Automate data cleaning and processing:

Cleaning CSV Data
import csv

def clean_csv(input_file, output_file):
    """Remove empty rows and clean data"""
    cleaned_rows = []
    
    with open(input_file, 'r') as infile:
        reader = csv.reader(infile)
        for row in reader:
            # Skip empty rows
            if any(cell.strip() for cell in row):
                # Clean whitespace from each cell
                cleaned_row = [cell.strip() for cell in row]
                cleaned_rows.append(cleaned_row)
    
    # Write cleaned data
    with open(output_file, 'w', newline='') as outfile:
        writer = csv.writer(outfile)
        writer.writerows(cleaned_rows)
    
    print(f"Cleaned {len(cleaned_rows)} rows")

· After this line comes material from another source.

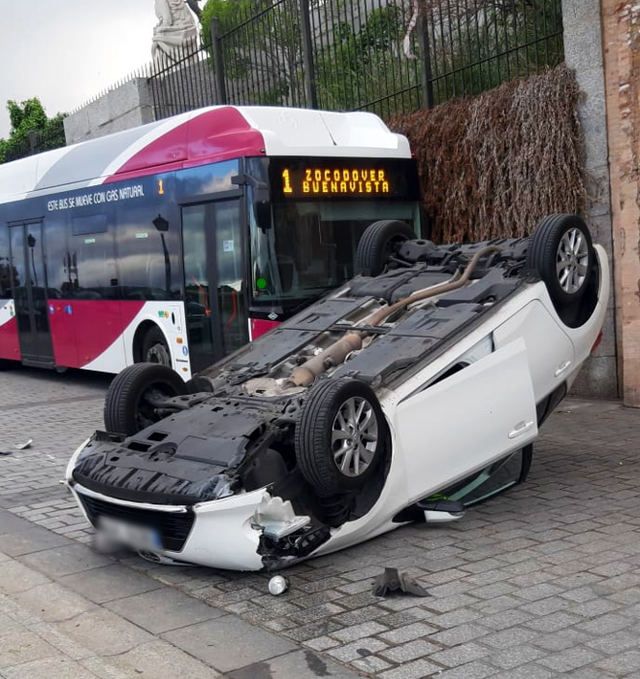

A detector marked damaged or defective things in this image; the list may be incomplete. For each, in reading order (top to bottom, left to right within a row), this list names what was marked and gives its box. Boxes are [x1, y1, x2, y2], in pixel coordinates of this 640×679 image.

overturned white car [66, 215, 608, 572]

clean_csv('data.csv', 'cleaned_data.csv')

Common Automation Tasks

Examples of tasks you can automate:

1

File Organization

Sort files by type, date, or name automatically

2

Data Processing

Clean, transform, and analyze data in batches

3

Email Sending

Send automated reports or notifications

4

Web Scraping

Collect data from websites automatically

5

Backup Tasks

Automatically backup files and folders

6

Report Generation

Create and send reports automatically

Automation Best Practices

Follow these guidelines when automating tasks:

Best Practices

  • Test first: Test your script on a small sample before running on all files
  • Backup data: Always backup important data before automating changes
  • Error handling: Use try/except blocks to handle errors gracefully
  • Logging: Log what your script does for debugging
  • Dry run: Add a "dry run" mode to preview changes without making them
  • Documentation: Document what your script does and how to use it
Safe Automation with Error Handling
import os
from pathlib import Path

def safe_rename_files(directory, prefix='new_', dry_run=True):
    """Safely rename files with error handling"""
    files = [f for f in os.listdir(directory) 
             if os.path.isfile(os.path.join(directory, f))]
    
    for i, filename in enumerate(files, start=1):
        try:
            file_path = Path(directory) / filename
            extension = file_path.suffix
            new_name = f"{prefix}{i:03d}{extension}"
            new_path = Path(directory) / new_name
            
            if dry_run:
                print(f"[DRY RUN] Would rename {filename} to {new_name}")
            else:
                os.rename(file_path, new_path)
                print(f"Renamed {filename} to {new_name}")
        except Exception as e:
            print(f"Error renaming {filename}: {e}")

# Test with dry run first
safe_rename_files('.', prefix='backup_', dry_run=True)

Practice: File Automation

Try It Yourself

Try simulating file automation:

Press Run to see output

What happened? You simulated organizing files by their extension. In a real automation script, you would use os.listdir() and shutil.move() to actually organize files.

Summary

In this lesson, you learned:

  • Automation: Using code to perform repetitive tasks
  • Benefits: Saves time, reduces errors, works continuously
  • File automation: Organizing and processing files
  • Data automation: Processing and cleaning data
  • Task automation: Automating workflows

Remember

If you find yourself doing the same task repeatedly, consider automating it! Start with simple scripts and build up to more complex automation.

End-of-Lesson Exercises

Think about these questions to reinforce what you've learned:

Exercise 1: Automation

What is automation and why is it useful? Give examples of repetitive tasks that could be automated.

Exercise 2: Automation Ideas

What repetitive tasks do you do that could be automated?